MATERIAL FOR THIS TASK:
--- START ---

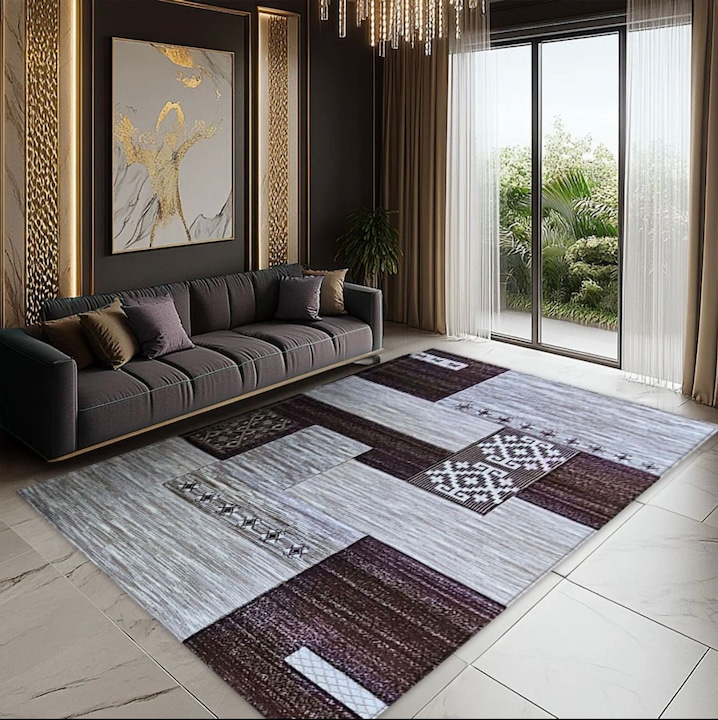 Covor modern Patchwork Pala Carpet®, maro si gri, 300x400 cm, grosime 12 mm, model mozaic decorativ pentru living sau dormitor, rezistent si usor de intretinut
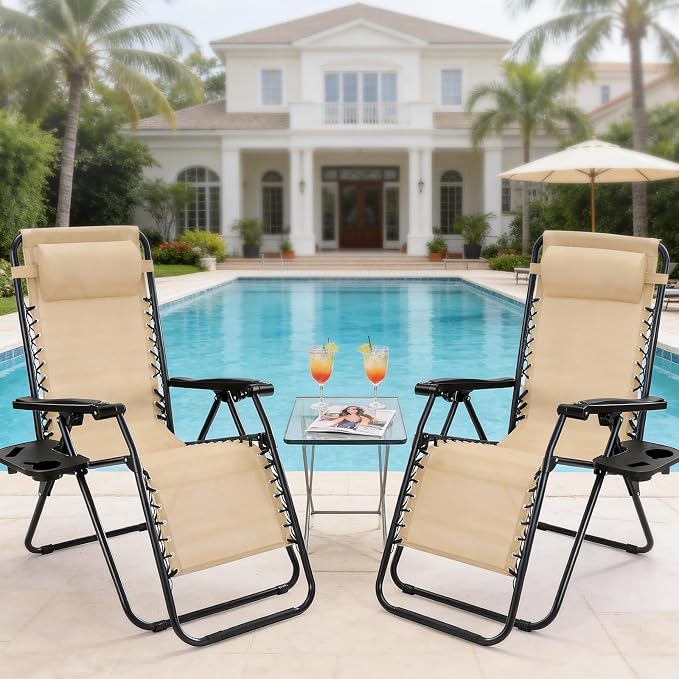NEWBULIG Zero Gravity Chairs Set of 2, Lounge Chair Folding Portable Adjustable Camping Recliner with Adjustable Pollow, Mesh Back, Cup Holder Trays Lawn Patio Chair for Pool Beach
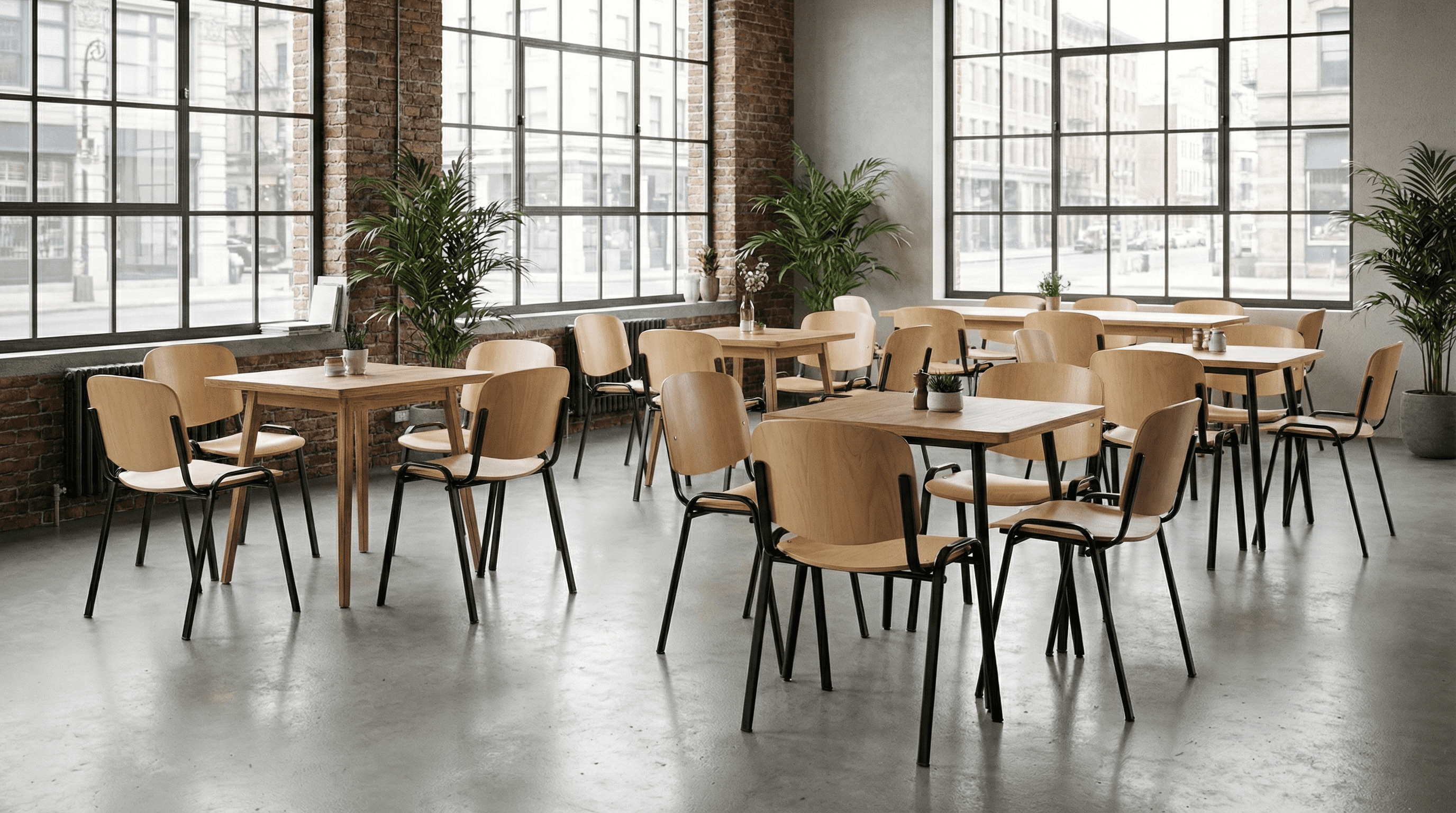 Ambient industrial cantina cu scaune Taurus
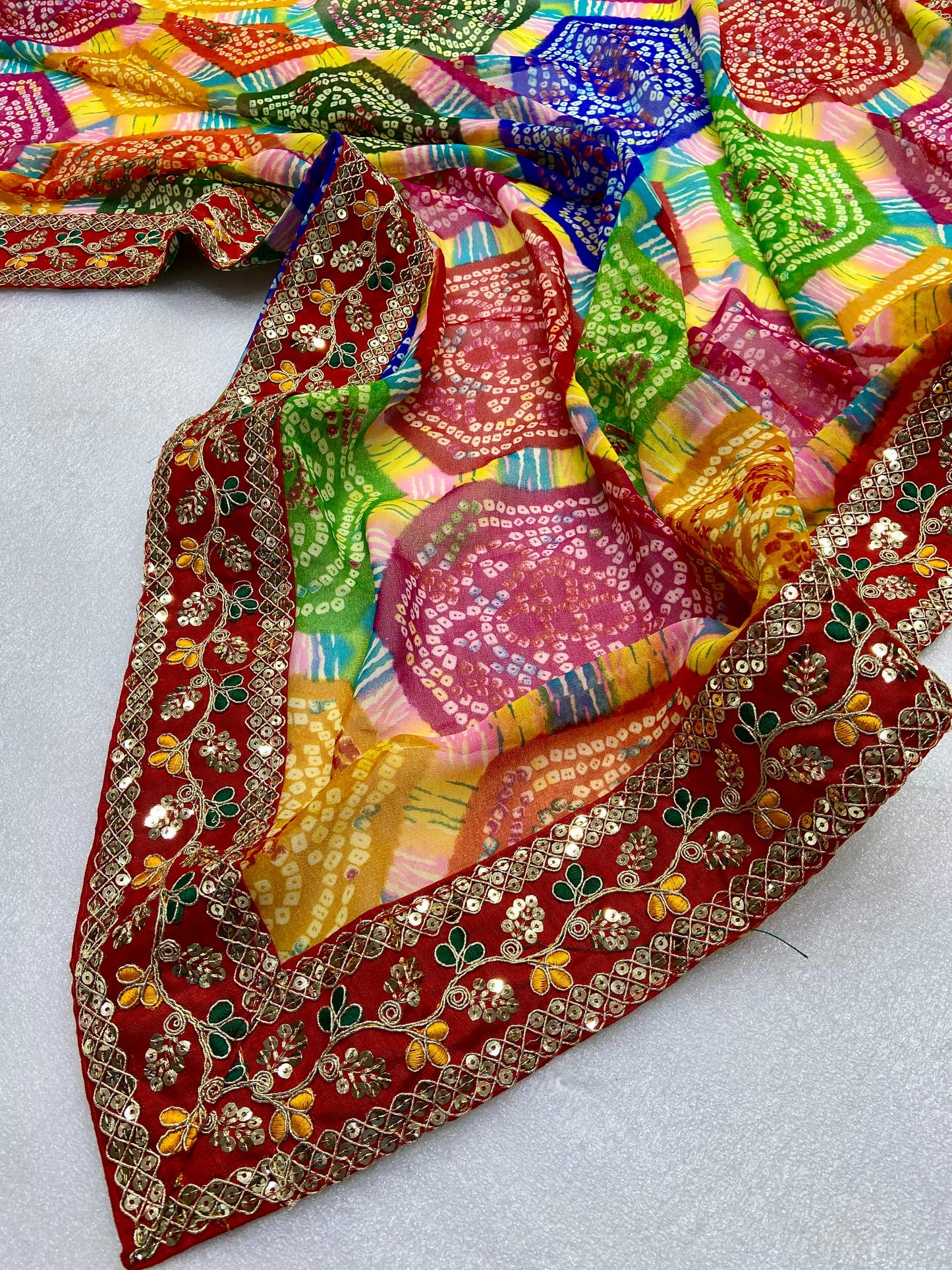 Soft Georgette Heavy Lace work Bandhani Saree - Premium from Ethenika.com - Just INR 1790! Shop now at Ethenika.com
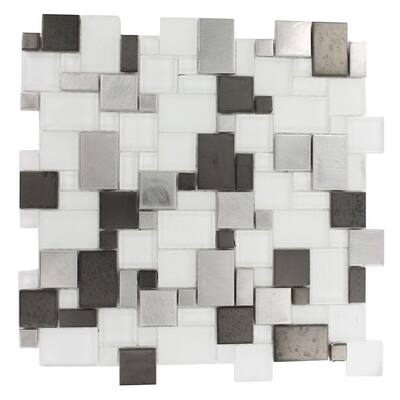 Splashback Glass Tile Pattern 12 in. x 12 in. Mosaic Floor and Wall Tile TETRIS STEEL ICE PARISIAN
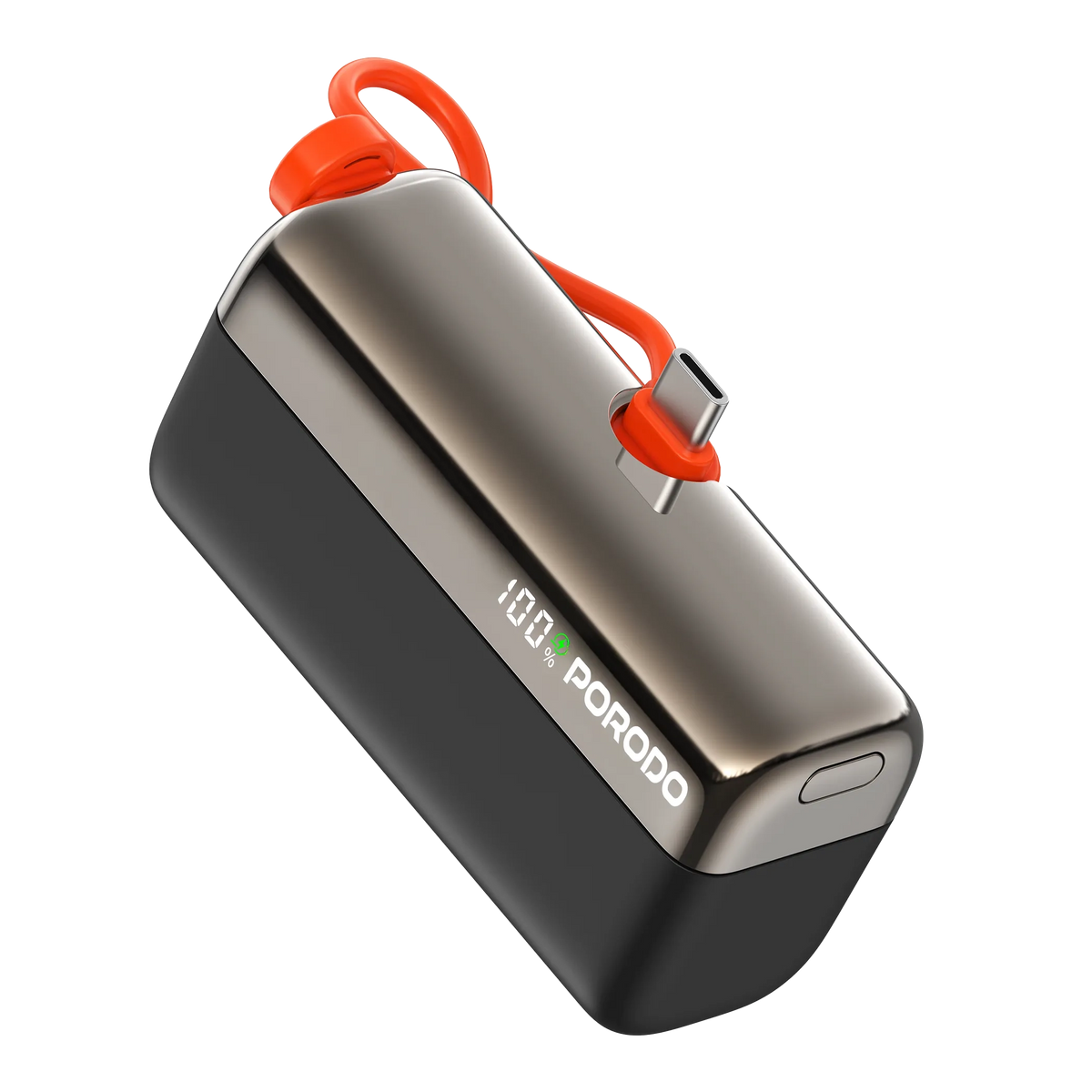 Pocket Volt Power Bank 10000mAh 22.5W Fast Charging Built-in Type-C Cable – Black / White - Porodo-1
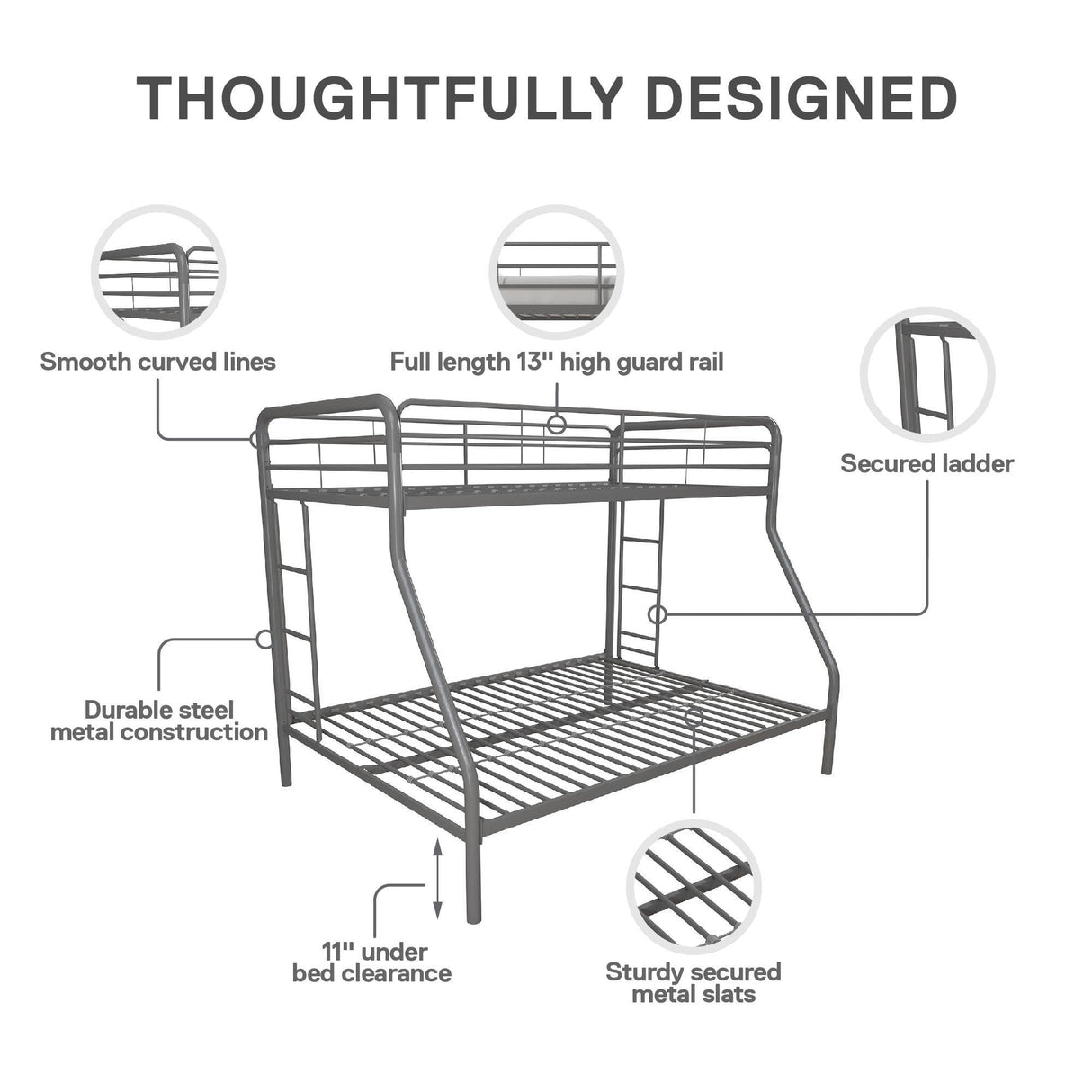 DHP Dusty Metal Bunk Bed with Secured Ladders, Twin/Full, Silver DHP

--- END ---

ACTION ITEM: Could you output every entry exactly as written, skipping the pictures?

EXERCISE RESULT:
 Covor modern Patchwork Pala Carpet®, maro si gri, 300x400 cm, grosime 12 mm, model mozaic decorativ pentru living sau dormitor, rezistent si usor de intretinut
NEWBULIG Zero Gravity Chairs Set of 2, Lounge Chair Folding Portable Adjustable Camping Recliner with Adjustable Pollow, Mesh Back, Cup Holder Trays Lawn Patio Chair for Pool Beach
 Ambient industrial cantina cu scaune Taurus
 Soft Georgette Heavy Lace work Bandhani Saree - Premium from Ethenika.com - Just INR 1790! Shop now at Ethenika.com
 Splashback Glass Tile Pattern 12 in. x 12 in. Mosaic Floor and Wall Tile TETRIS STEEL ICE PARISIAN
 Pocket Volt Power Bank 10000mAh 22.5W Fast Charging Built-in Type-C Cable – Black / White - Porodo-1
 DHP Dusty Metal Bunk Bed with Secured Ladders, Twin/Full, Silver DHP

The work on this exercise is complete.